L’Italia è tra gli ultimi Paesi ad aver introdotto un congedo di paternità obbligatorio, pari a 10 giorni, che comunque ha una durata nettamente inferiore rispetto a quello di cinque mesi delle madri. Inoltre i dati sull’occupazione femminile e sul tasso di fertilità vedono l’Italia in fondo alle classifiche internazionali.
Alcune aziende stanno cercando di occupare il vuoto lasciato da altri attori istituzionali su questi fronti. Ma, come sottolineato da Paola Mascaro, Presidente di Valore D, c’è una dicotomia tra cultura e pragmatismo: “La resistenza al cambiamento esiste anche nelle grandi aziende, dove il retaggio culturale dei singoli capi penalizza i dipendenti che vogliono dedicarsi maggiormente al loro ruolo di padre”. Secondo Mascaro, servirebbero apposite norme che rendano più efficace il cambiamento.
La cultura organizzativa, dunque, è determinante ma deve essere accompagnata da leggi e azioni quotidiane che possono favorire la condivisione dei carichi di cura tra padri e madri. Il vantaggio sarebbe per tutti, perché da questa condivisione emergono risorse e talenti che le persone possiedono già nei loro ruoli di vita privata e che sono utili per le loro aziende.
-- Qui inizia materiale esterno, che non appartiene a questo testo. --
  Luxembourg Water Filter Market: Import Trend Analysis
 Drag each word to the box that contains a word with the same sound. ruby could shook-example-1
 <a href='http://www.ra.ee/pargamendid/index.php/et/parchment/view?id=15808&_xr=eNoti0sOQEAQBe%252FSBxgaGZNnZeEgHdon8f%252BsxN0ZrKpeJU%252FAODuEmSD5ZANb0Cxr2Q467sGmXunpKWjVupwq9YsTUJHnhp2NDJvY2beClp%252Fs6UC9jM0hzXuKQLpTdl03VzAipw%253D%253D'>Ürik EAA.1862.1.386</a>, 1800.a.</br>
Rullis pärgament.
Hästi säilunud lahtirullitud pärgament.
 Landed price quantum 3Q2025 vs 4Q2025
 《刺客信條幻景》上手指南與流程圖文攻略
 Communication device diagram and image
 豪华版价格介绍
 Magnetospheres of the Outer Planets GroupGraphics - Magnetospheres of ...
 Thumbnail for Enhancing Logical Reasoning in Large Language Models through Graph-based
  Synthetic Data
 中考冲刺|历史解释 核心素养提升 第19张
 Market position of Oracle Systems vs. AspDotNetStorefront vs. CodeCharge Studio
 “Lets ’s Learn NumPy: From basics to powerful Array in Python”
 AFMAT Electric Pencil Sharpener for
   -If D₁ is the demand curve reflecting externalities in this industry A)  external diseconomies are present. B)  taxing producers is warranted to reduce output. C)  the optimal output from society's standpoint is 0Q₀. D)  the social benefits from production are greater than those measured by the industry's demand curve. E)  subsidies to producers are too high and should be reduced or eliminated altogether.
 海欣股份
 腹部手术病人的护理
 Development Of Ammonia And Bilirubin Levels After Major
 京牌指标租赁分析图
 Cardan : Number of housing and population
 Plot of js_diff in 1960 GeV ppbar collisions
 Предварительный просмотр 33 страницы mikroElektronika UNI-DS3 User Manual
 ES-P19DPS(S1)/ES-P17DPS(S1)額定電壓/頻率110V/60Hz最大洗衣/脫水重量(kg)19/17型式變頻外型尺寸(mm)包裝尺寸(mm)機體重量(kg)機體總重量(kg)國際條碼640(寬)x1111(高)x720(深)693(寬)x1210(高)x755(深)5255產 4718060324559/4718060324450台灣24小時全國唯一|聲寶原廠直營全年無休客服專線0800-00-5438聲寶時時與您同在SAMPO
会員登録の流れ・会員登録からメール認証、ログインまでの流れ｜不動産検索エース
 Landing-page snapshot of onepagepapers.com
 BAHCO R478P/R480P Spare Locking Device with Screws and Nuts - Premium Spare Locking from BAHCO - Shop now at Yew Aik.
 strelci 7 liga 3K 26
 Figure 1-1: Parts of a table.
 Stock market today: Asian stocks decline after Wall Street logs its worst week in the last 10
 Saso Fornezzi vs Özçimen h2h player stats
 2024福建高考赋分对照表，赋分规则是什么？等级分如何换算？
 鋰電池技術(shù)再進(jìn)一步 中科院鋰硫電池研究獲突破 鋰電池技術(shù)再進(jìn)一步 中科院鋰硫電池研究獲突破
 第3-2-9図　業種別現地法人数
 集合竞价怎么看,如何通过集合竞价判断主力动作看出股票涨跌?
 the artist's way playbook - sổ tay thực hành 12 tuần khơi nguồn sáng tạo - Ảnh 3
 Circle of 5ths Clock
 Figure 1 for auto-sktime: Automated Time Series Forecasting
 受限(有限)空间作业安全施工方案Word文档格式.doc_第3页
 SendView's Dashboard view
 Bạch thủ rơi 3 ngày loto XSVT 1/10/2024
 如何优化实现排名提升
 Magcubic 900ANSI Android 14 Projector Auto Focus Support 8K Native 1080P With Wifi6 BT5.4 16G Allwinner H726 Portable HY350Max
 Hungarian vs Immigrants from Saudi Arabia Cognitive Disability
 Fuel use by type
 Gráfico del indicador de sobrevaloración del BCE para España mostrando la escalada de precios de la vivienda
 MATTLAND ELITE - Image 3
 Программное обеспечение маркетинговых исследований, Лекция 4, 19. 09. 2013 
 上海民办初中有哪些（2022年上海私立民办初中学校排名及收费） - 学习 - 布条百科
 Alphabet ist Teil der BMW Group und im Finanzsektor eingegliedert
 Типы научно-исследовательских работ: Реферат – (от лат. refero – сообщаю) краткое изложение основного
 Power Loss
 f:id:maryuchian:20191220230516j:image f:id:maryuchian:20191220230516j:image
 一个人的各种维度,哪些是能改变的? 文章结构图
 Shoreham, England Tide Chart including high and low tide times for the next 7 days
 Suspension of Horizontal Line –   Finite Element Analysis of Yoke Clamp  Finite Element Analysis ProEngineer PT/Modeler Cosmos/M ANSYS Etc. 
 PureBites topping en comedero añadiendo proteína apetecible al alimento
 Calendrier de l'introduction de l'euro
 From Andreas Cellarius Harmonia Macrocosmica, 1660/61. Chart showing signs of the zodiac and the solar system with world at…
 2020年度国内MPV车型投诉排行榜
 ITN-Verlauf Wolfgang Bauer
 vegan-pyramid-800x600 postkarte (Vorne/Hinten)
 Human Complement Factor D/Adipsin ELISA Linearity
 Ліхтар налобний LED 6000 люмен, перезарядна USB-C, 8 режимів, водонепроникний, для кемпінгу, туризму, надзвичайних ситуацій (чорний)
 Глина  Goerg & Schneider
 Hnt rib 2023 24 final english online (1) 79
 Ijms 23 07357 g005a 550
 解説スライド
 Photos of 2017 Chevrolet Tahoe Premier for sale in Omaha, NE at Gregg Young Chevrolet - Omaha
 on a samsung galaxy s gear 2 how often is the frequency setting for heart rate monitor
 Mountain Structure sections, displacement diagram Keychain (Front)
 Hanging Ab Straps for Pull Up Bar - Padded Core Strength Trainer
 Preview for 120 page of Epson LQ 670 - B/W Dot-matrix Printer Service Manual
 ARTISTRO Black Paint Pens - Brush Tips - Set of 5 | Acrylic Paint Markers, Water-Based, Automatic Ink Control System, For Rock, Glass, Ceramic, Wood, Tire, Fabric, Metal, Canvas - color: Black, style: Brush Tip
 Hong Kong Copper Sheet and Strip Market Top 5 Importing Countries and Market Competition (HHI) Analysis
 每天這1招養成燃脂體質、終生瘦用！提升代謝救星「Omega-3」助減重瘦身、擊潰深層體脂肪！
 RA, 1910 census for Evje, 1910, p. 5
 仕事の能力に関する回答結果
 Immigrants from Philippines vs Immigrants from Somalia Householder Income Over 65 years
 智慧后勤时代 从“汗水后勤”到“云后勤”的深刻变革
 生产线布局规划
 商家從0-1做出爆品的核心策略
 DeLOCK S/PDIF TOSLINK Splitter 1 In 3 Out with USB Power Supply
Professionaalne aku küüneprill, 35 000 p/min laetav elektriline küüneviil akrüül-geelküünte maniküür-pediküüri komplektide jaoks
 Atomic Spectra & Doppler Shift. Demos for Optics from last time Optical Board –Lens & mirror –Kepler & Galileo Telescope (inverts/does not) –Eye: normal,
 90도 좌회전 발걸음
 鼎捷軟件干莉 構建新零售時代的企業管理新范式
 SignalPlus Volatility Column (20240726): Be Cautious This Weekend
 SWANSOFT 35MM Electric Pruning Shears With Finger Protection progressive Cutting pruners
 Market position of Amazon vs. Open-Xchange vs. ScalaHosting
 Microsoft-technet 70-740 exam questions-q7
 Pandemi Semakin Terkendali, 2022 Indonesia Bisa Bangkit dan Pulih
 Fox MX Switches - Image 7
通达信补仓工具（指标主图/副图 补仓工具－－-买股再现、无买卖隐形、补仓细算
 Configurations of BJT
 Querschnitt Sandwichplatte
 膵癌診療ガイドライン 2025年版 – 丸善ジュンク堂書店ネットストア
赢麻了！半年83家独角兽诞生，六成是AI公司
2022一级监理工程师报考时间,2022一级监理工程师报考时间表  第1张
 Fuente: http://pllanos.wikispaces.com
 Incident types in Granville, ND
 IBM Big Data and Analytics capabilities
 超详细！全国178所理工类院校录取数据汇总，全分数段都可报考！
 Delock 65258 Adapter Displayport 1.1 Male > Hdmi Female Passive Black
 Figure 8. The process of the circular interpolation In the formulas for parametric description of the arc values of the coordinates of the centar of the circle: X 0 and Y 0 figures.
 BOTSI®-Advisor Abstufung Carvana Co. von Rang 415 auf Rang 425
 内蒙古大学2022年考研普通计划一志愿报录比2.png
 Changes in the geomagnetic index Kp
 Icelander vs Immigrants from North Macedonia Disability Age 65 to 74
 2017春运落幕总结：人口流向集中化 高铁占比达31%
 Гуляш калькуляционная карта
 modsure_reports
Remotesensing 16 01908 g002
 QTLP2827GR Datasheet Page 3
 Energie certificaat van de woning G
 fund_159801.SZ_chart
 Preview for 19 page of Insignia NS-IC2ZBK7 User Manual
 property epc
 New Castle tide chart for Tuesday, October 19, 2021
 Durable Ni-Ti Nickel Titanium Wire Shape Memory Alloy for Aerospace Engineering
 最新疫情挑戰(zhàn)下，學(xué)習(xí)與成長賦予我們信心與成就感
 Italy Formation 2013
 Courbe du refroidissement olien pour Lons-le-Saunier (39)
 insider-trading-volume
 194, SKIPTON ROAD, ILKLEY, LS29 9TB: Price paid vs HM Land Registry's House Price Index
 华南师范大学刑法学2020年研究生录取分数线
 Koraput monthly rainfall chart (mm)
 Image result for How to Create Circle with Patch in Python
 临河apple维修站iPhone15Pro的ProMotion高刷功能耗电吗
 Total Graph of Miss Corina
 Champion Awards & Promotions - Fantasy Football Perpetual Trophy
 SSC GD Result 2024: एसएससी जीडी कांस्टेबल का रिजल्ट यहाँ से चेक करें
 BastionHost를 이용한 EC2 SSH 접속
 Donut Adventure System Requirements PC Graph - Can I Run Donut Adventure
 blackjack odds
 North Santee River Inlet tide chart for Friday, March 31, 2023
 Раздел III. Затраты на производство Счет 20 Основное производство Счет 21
Come ricordato da Zezza, il 73% dei dipendenti è caregiver, quindi si prende cura di qualcuno. Ed è proprio dai carichi di cura che derivano capacità utili alle imprese: “La cura sviluppa competenze soft che, secondo l’Osservatorio vita-lavoro di Lifeed, vengono allenate per il 70% in ruoli non lavorativi. Con una maggiore condivisione, ci sarebbero più opportunità di trasferire competenze dai ruoli di vita privata a quelli professionali e viceversa”, ha spiegato Zezza.
Su questo aspetto Lorenzo Gasparrini, filosofo, autore e formatore su questioni di genere, ha sottolineato che “se stanno meglio, le persone lavorano meglio. Le grandi aziende si stanno impegnando, ma oggi tante piccole e medie imprese non vedono ancora di buon occhio i dipendenti che usufruiscono del congedo di paternità”.
Secondo Gasparrini va ripensato il modo di conciliare il ruolo del genitore con quello del lavoratore, che riguarda anche il tempo dedicato a lavoro e famiglia, gli spazi domestici. “Cambiare leggi e organizzazione del lavoro nelle aziende comporta modifiche di sistema e l’abbandono della logica delle gerarchie per risolvere i problemi”. I nostri ruoli, ha aggiunto, “non possono essere visti a compartimenti stagni”.
Infine Sofia Maroudia, ESG Officer di Snam, ha ricordato che in Italia le donne dedicano 22 ore alla settimana alla cura dei figli, contro le tre ore degli uomini. “Le aziende possono avere un grande impatto per creare un migliore equilibrio attraverso congedi per i papà, flessibilità lavorativa e aiuti psicologici”. Il Talk ha costituito il momento di chiusura di un tavolo di lavoro interaziendale di Valore D sul tema, realizzato con il supporto di Snam e Generazione Donna, che ha coinvolto 25 aziende e ha prodotto un documento che raccoglie oltre 200 buone prassi aziendali sul tema.